Auch Wessis sind schon mal geflohen
Bernd Zeller zieht eine äußerst ambivalente Bilanz von 25 Jahren deutsche Einheit
Unser heutiger Bericht versucht sich an einer positiven und optimistischen Rückschau auf den Einigungsprozess, dessen 25-jähriges Jubiläum wir nun feiern oder je nach Position begehen und der mit dem Beschluss der Volkskammer zum Beitritt eingeleitet und mit der Unterzeichnung des Einigungsvertrages fortgesetzt wurde.
Die Art des Feierns selbst liefert erst einmal keinen Grund zum Optimismus. Wer sich noch an die Vorbereitungen und Durchführungen zu 25 Jahre DDR erinnert, muss eingestehen, dass die 25 Jahre nicht mehr DDR äußerst bescheiden gefeiert werden, als ob man sich irgendwie genieren würde. Es kann aber auch daran liegen, dass einem die letzteren 25 Jahre viel kürzer vorkommen.
Nun sind Vergleiche kaum möglich, bei denen man das, was ist, dem gegenüberstellt, was anderenfalls jetzt sein würde, denn die Vorstellung ist immer besser als die Realität, sofern man nicht böswillig eingestellt ist. Zwei Vorteile lassen sich aber kaum bestreiten. Zu dem einen ist Gregor Gysi zu zitieren, der kurz danach sagte: »Das mit den Faxgeräten ist schon doll, das hätten wir in 50 Jahren nicht geschafft.« Der zweite Vorteil ist gerade jetzt relevant: Es kann wohl als sicher angenommen werden, dass es die DDR nicht geschafft hätte, so viele Flüchtlinge zu versorgen.

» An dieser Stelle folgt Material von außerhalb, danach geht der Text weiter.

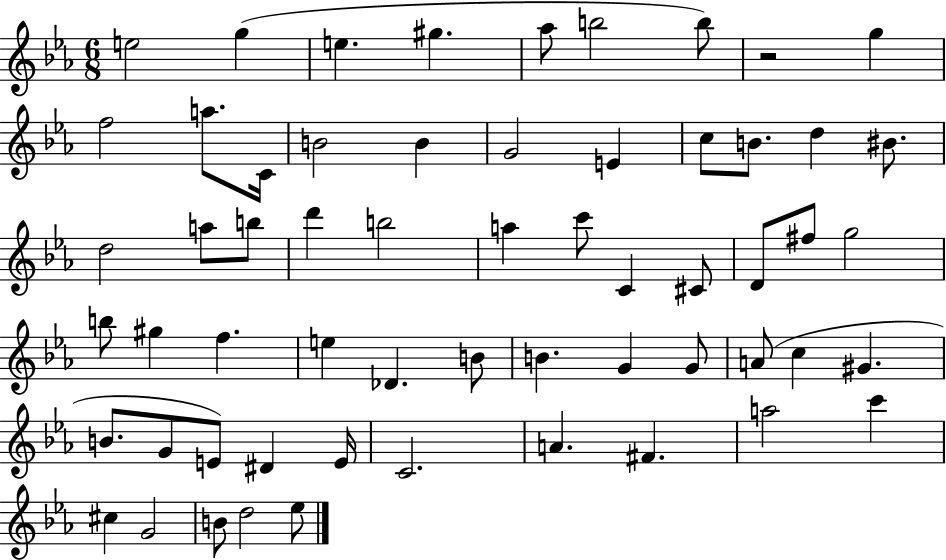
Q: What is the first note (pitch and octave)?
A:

Allerdings spielte diese Tatsache beim damaligen Volkskammerbeschluss überhaupt keine Rolle, was auf eine wenig vorausschauende Kondition der Abgeordneten schließen lässt. Das wird auch den heutigen Mandatsträgern nachgesagt. Es heißt von manchen Meinungsäußerern, die Parlamentarier würden nur bis zum Ende der Legislaturperiode denken: andere unterstellen nicht einmal das. Wie es sich damit ver- hält, kann dahingestellt bleiben, weil die Abgeordneten sowieso gar nicht weiterdenken müssen, denn die Fraktionsleitung tut es für sie, und die weiß es von der Kanzlerin. In diesem Zusammenhang ist nun wieder auf eine erstaunliche Vermehrung der Möglichkeiten für alle hinzuweisen, die der Wiedervereinigung zu verdanken ist, denn weder Kanzlerin noch Bundespräsident hätten zu Zeiten der Teilung ein nennenswertes Amt im Staat bekommen können, weder in Ost noch in West. Aber im vereinigten Deutschland stehen sie an der Spitze. Davon sollten wir alle uns inspirieren lassen.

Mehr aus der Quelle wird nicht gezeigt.